TASK INPUT
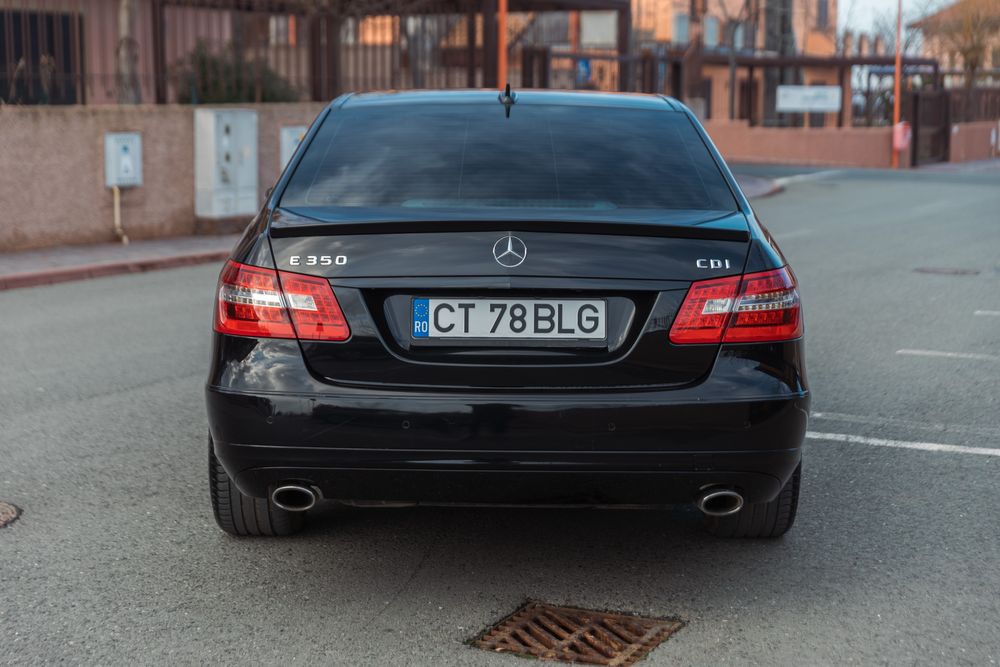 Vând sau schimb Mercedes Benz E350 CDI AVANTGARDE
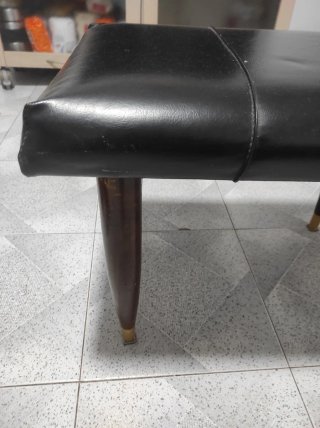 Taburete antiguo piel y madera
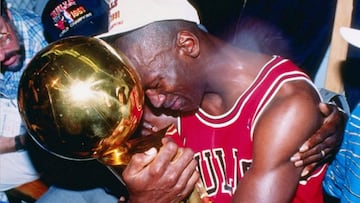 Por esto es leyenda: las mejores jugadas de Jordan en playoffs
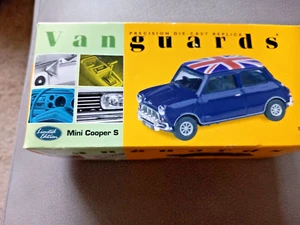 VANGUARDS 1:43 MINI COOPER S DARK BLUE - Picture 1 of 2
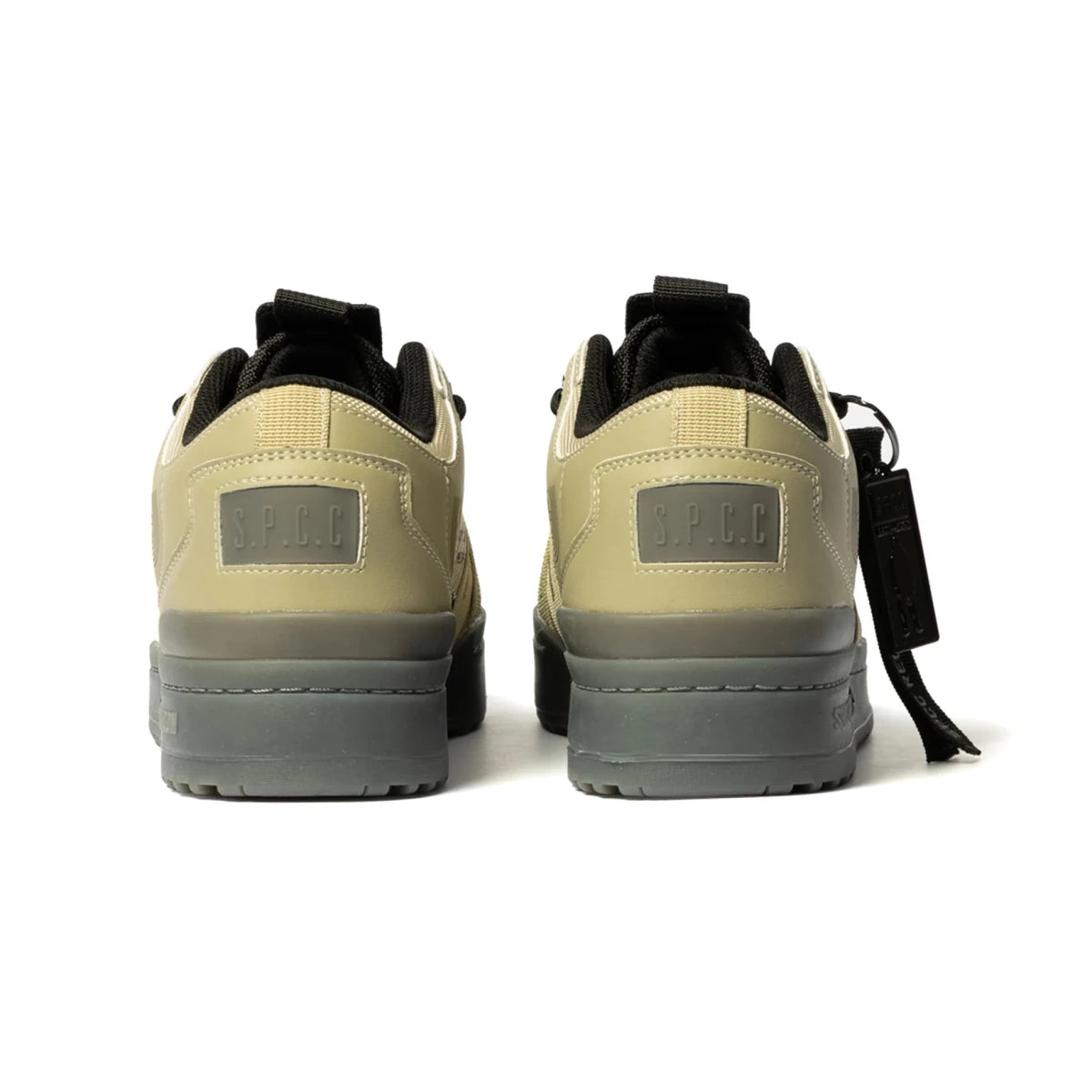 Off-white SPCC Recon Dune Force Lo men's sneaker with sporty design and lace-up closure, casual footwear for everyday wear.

REQUIRED WORK
Leaving out the pictures, restate each line of the listing above verbatim, from the opening line to the line bearing "VANGUARDS 1:43 MINI", inclusive, and no more.

ANSWER SPACE
 Vând sau schimb Mercedes Benz E350 CDI AVANTGARDE
 Taburete antiguo piel y madera
 Por esto es leyenda: las mejores jugadas de Jordan en playoffs
 VANGUARDS 1:43 MINI COOPER S DARK BLUE - Picture 1 of 2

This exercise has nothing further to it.